EXERCISE OBJECTIVE -> All lines from the one holding "Description: Chanel Rounded" to the end of the listing are to be output exactly, both ends included, with any pictures left out.

INPUT RECORDS ->
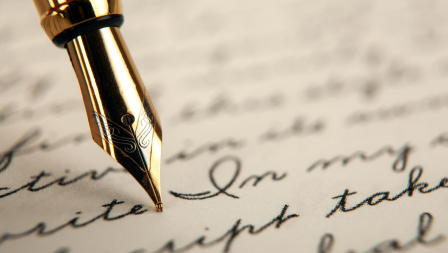 A closeup of a pen, writing on a piece of paper. 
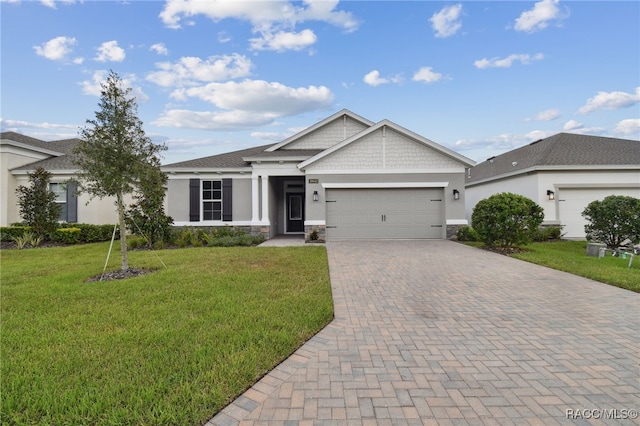 view of front facade with a front yard and a garage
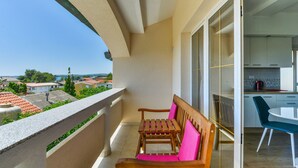 Un balcón con banca de madera y una mesa, una zona de cocina con armarios, y vistas al barrio.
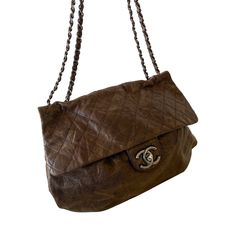 Description: Chanel Rounded Flap Hobo Bag Includes Dustbag and ity Card Condition: Pre/Loved in Very Good Condition. Minimal Marks of Use Estimated Retail: $4,000 Details:Brown Caviar Leather / Brushed Metal HardwareAdjustable Chain Strap / Exterior Pocket at BackGrey Fabric Lining / One Compartment with Flat PocketFlap Closure with Turn-Lock Measurement: Width 38cm / Height 30cm / Depth 13cm For more details on this item, contact us on bagsarenaon@gmail.com Chocolate Brown Chanel Bag, October Vibes, Virtual Wardrobe, Chanel Flap Bag, Ysl Shoes, Jimmy Choo Sunglasses, Chanel Sunglasses, Trending Handbag, Dior Shoes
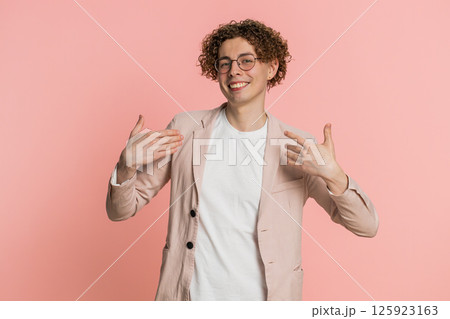 Caucasian man feeling very proud pointing himself overjoyed by success making choice self-confident 125923163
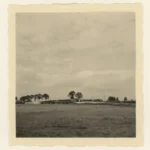 Historisches Schwarzweißfoto eines Gebäudes im Rohbau auf einer flachen Wiese mit Bäumen im Hintergrund.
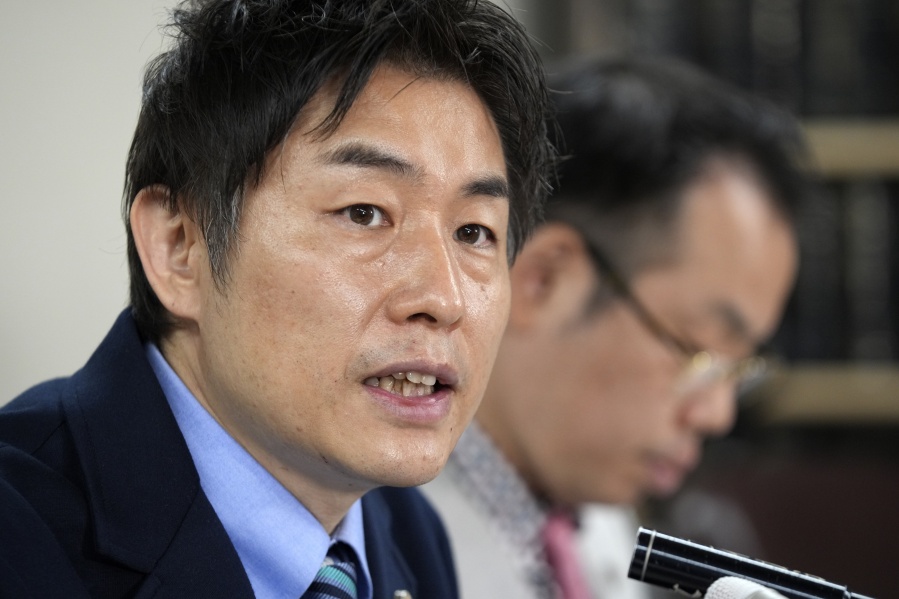 Lawyers of a claimant, Kazuyuki Minami, left, and Masafumi Yoshida, right, speak to media after the ruling of the Supreme Court Wednesday, Oct. 25, 2023, in Tokyo.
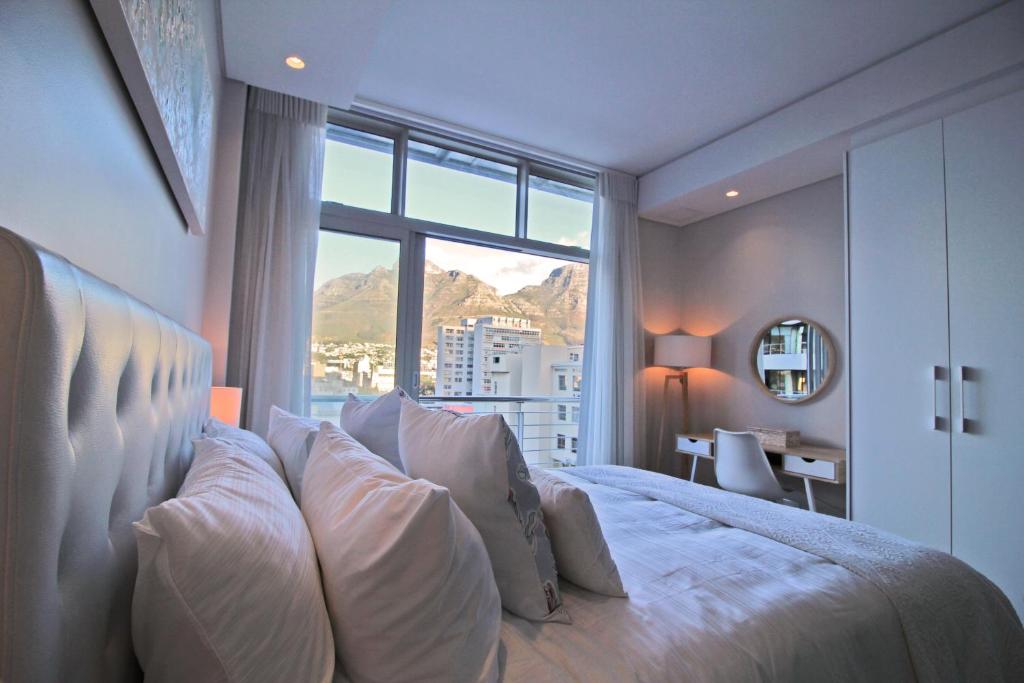 a bedroom with a large bed with a large window at Sensational Sentinel in Cape Town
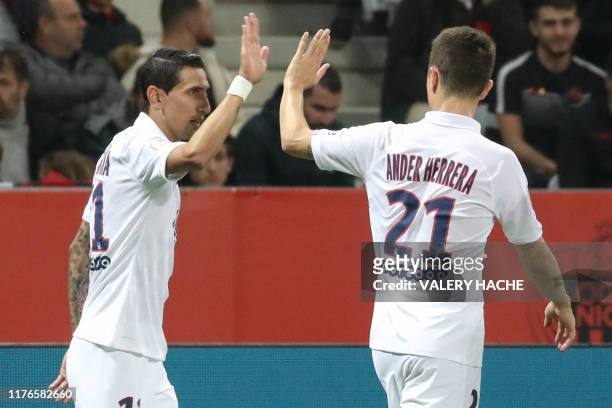Paris Saint-Germain's Argentine midfielder Angel Di Maria is congratulated by Paris Saint-Germain's Spanish midfielder Ander Herrera after scoring...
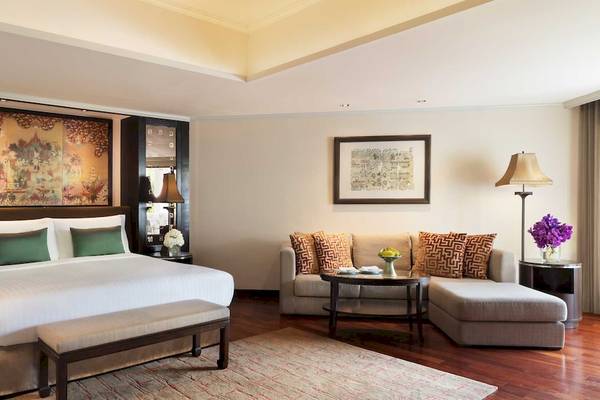 Ein elegantes Zimmer im Anantara Riverside Bangkok Resort mit einem großen Bett, einem Sofa und einer Tischlampe.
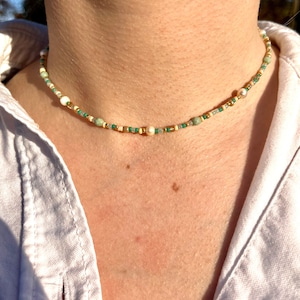 Stainless steel pearl necklace with freshwater pearls and green pearls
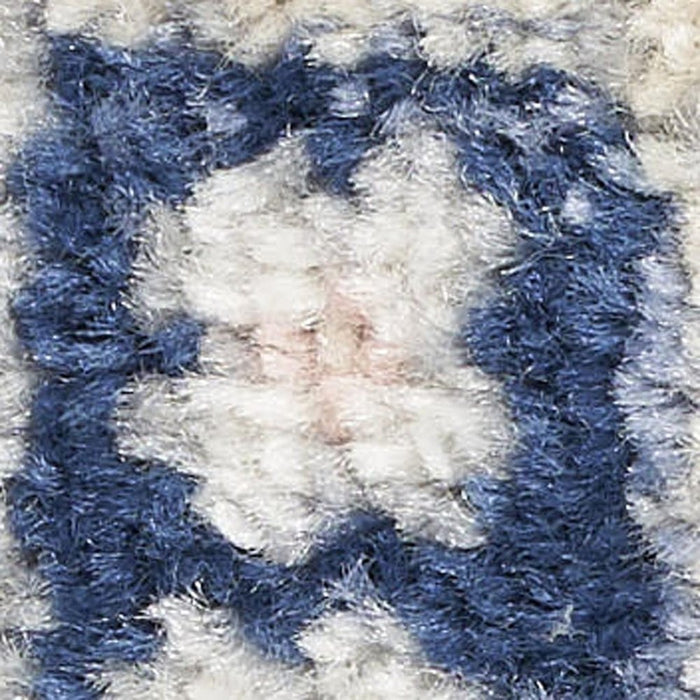 Close-up of a textured blue and white fabric surface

EXERCISE RESULT ->
 Description: Chanel Rounded Flap Hobo Bag Includes Dustbag and ity Card Condition: Pre/Loved in Very Good Condition. Minimal Marks of Use Estimated Retail: $4,000 Details:Brown Caviar Leather / Brushed Metal HardwareAdjustable Chain Strap / Exterior Pocket at BackGrey Fabric Lining / One Compartment with Flat PocketFlap Closure with Turn-Lock Measurement: Width 38cm / Height 30cm / Depth 13cm For more details on this item, contact us on bagsarenaon@gmail.com Chocolate Brown Chanel Bag, October Vibes, Virtual Wardrobe, Chanel Flap Bag, Ysl Shoes, Jimmy Choo Sunglasses, Chanel Sunglasses, Trending Handbag, Dior Shoes
 Caucasian man feeling very proud pointing himself overjoyed by success making choice self-confident 125923163
 Historisches Schwarzweißfoto eines Gebäudes im Rohbau auf einer flachen Wiese mit Bäumen im Hintergrund.
 Lawyers of a claimant, Kazuyuki Minami, left, and Masafumi Yoshida, right, speak to media after the ruling of the Supreme Court Wednesday, Oct. 25, 2023, in Tokyo.
 a bedroom with a large bed with a large window at Sensational Sentinel in Cape Town
Paris Saint-Germain's Argentine midfielder Angel Di Maria is congratulated by Paris Saint-Germain's Spanish midfielder Ander Herrera after scoring...
 Ein elegantes Zimmer im Anantara Riverside Bangkok Resort mit einem großen Bett, einem Sofa und einer Tischlampe.
 Stainless steel pearl necklace with freshwater pearls and green pearls
 Close-up of a textured blue and white fabric surface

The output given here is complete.